5 - Kadın, erkeğinin beğeneceği bir güzellikte olmalıdır. Çünkü devamlı onunla yüzyüze gelip, gönlü onunla huzur bulacaktır. Güzellik anlayışı izafî olup, şahıslara göre değişik olacağından, herkesin eşinde aradığı tabiî bir güzelliği bulması yeterlidir. Ama hiçbir zaman dış güzelliğe kapılıp, huy güzelliğini unutmamalıdır. Aslında huyundan dolayı sevilen kimse, her zaman güzeldir.

6 - İyi bir aileden seçmeye çalışmalıdır. Gerçi diğer yönleri gözetilmeden, sırf soy üstünlüğüne bağlı görülen bir asalete imrenip evlenmek doğru olmaz. Ama terbiye üstünlüğüne dayanan bir asaletin aranması, iyiliğiyle tanınan dindar, dürüst ve sağlam bir aileden alınması tercih edilmelidir. Zira aile eğitiminin ahlâkî gelişmeye büyük tesiri olduğu kesindir. ‘Terbiyenin, hüsn-i ahlâkda medhal-i azîmi (büyük etkisi) olduğuna ittifak vardır“ (Mevzuâtü‘1-Ulûm, 2/463.).

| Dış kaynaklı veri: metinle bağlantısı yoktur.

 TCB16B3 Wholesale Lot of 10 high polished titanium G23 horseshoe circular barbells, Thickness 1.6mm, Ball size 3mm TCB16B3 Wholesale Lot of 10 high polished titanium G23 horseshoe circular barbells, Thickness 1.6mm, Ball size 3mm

(Kişinin, yakın hısımlık kuracağı kimselerin iyi olması da, ayrı bir ni‘mettir. “Anasına bak kızını al“ atasözünü hatırdan uzak tutmamalıdır... Dâmad seçerken de, erkeğin aile yapısı hesaba katılarak karar verilmelidir).

Evlenme hususunda kadının:

1) Yaşta,
2) Boyda,
3) Servet (ve rütbe)de,
4) Asalette erkekten biraz aşağı olması daha iyidir.

Fakat:

1) Güzellikte,
2) Terbiyede,
3) Ahlâkta,
4) Takvada ise, erkekten üstün olması daha güzeldir (Şerhu Şir‘atfl-İslâm, s. 441.).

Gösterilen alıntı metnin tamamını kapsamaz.